Companies & Industries

Why Stephen Harper will delay approving Northern Gateway

There's more to lose than to win

oil export protesters in British Columbia

Protesters rally against oil exports on the steps of the B.C. legislature in 2012. (Keri Coles/Greenpeace)

Getting photo bombed by climate activists during an appearance before the Vancouver Board of Trade in January is unlikely to change Stephen Harper’s commitment to diversifying Canada’s energy markets. But the prime minister may take more of the 180 days allowed to ponder assent of the Northern Gateway oil pipeline than his supporters in the oilpatch expect.

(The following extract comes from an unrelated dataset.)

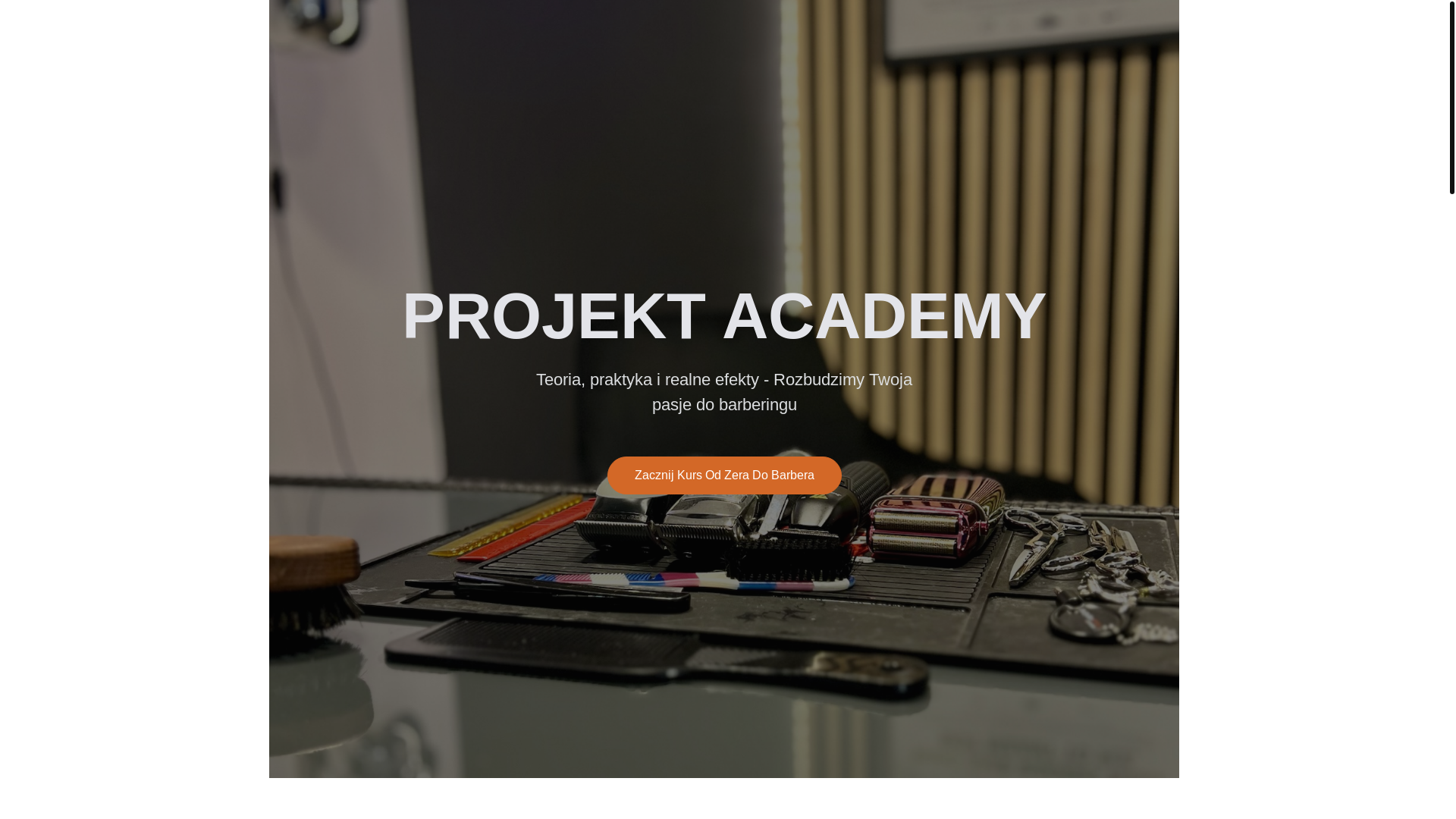 website screenshot of https://projektacademy.pl/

The timetable set in motion by the Joint Review Panel’s conditional approval of the project on Dec. 19 could prove troublesome for the Tories. Assuming the cabinet greenlights Gateway, proponent Enbridge Inc. would begin construction in the second half of the year. That raises the possibility of court challenges by First Nations, blockades along the pipeline route between Edmonton and Kitimat, B.C., and rallies in major cities during the run-up to a federal election that must be called by October 2015.

The Conservatives have little electoral advantage to gain in pro-pipeline Alberta, where they won all but one seat in 2011. But confrontation over Northern Gateway could put their 21 (out of 36) seats in British Columbia at risk—more than enough to erase their parliamentary majority. (Both provinces will acquire six new constituencies in 2015.)

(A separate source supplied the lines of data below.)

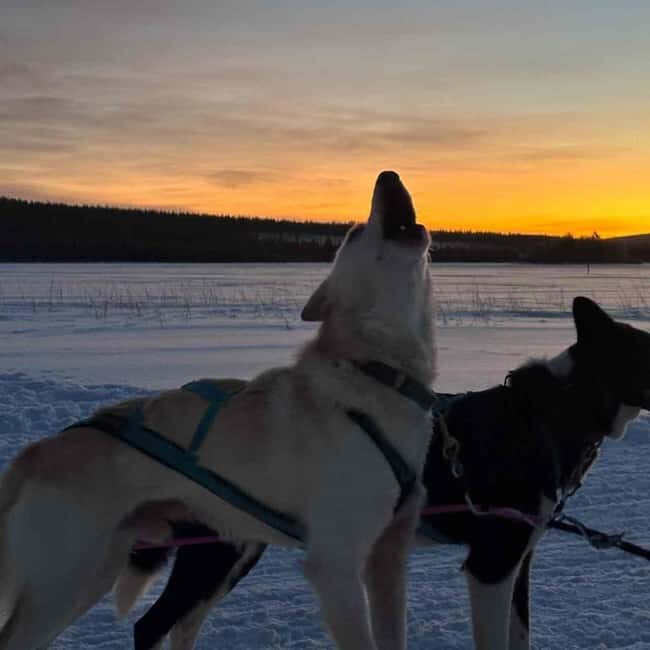 Kemijärvi: Insider 10 km Self-Drive Husky Sledding Adventure - The Details: Transportation, Duration, and Cost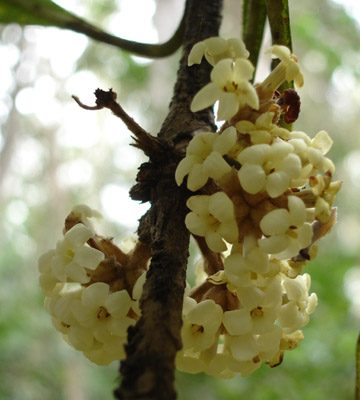 Pittosporum hawaiiense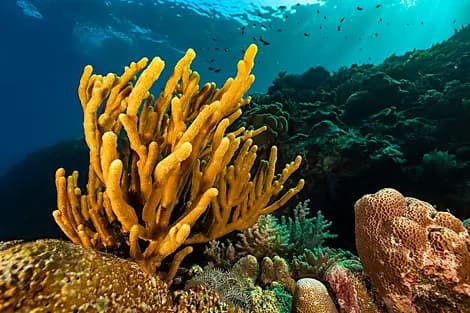 9 Déc 26 - Îles Barat Daya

Up against NDP and Liberal opposition parties both opposed to Gateway, Harper “can’t afford to lose many seats” in B.C., observes Richard Johnston, a professor of political science at the University of British Columbia. “There’s a handful in B.C. that would be up for grabs and potentially turn on this question, particularly in the outer suburbs of Greater Vancouver, not to mention two or three up north.”

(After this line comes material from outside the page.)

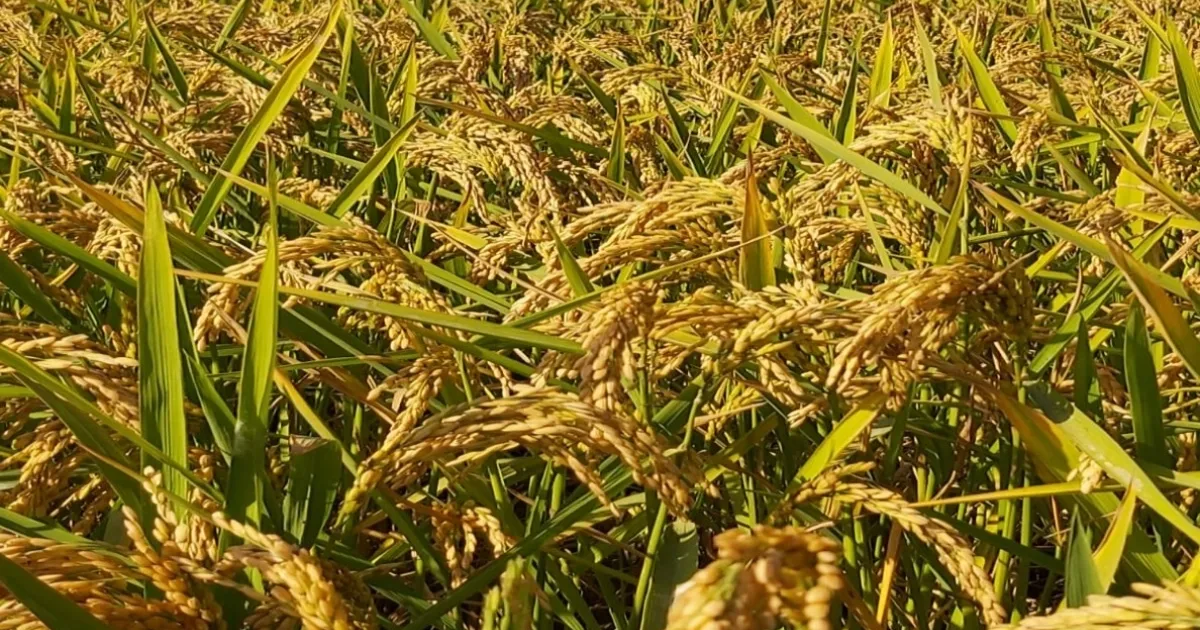 Pirinç ithalatı Ekim’de 13 kat arttı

Angry protest would doubtless make an election campaign more difficult to control. And B.C. has a history of successful, though often illegal, road blockades against resource development, like the one that halted logging in Clayoquot Sound in 1993. In addition, Harper risks confrontation with the B.C. government, which intervened to oppose Enbridge’s application last spring. Premier Christy Clark seemingly softened her position in November by signing a ceasefire of sorts with Alberta counterpart Alison Redford, but her pronouncements remain ambiguous. “It’s possible the Government of Canada will find itself having to coerce the third-largest province into going along with something it opposes. That’s potentially political dynamite,” says Johnston.

Another risk revolves around First Nations. The pipeline would pass through natives’ traditional territories that were never ceded to the Crown by treaty. Should those bands sue to block Enbridge crews from construction sites, the courts may have the final word on Northern Gateway. Indeed, Will Horter, executive director of the Dogwood Initiative, a group opposed to Gateway, argues that the implications of future court challenges might go further, to “potentially hamstring the [National Energy Board] in any situation where there’s unceded First Nations lands, anywhere in Canada.” Such an outcome could jeopardize Harper’s resource development agenda.

Even so, recent polls suggest opposition among the general public has softened lately. “Right now about 42% of British Columbians support the pipeline,” says Steve Mossop, president of polling firm Insights West, which conducted its latest survey in November. Since the popular vote for the Conservatives in 2011 was less than that, Mossop doesn’t think Harper will pay any great political price for approving the pipeline. “The people who don’t support the pipeline are people who never would have supported him anyway,” he says.

On balance, Harper seems likely to approve Northern Gateway. But the consequences might just be foreboding enough that he’ll take his time arriving at that conclusion.